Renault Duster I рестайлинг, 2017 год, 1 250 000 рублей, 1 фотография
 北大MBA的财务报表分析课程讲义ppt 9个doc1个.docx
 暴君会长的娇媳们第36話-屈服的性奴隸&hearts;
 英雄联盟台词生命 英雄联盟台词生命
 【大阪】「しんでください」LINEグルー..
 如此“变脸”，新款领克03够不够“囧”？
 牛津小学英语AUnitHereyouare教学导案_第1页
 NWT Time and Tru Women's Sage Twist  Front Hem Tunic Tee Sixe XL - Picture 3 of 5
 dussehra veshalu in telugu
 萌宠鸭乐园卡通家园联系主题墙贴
——
● **TASK GOAL**:
Restate every record above, exactly, in full.

● **EXERCISE SOLUTION**:
Renault Duster I рестайлинг, 2017 год, 1 250 000 рублей, 1 фотография
 北大MBA的财务报表分析课程讲义ppt 9个doc1个.docx
 暴君会长的娇媳们第36話-屈服的性奴隸&hearts;
 英雄联盟台词生命 英雄联盟台词生命
 【大阪】「しんでください」LINEグルー..
 如此“变脸”，新款领克03够不够“囧”？
 牛津小学英语AUnitHereyouare教学导案_第1页
 NWT Time and Tru Women's Sage Twist  Front Hem Tunic Tee Sixe XL - Picture 3 of 5
 dussehra veshalu in telugu
 萌宠鸭乐园卡通家园联系主题墙贴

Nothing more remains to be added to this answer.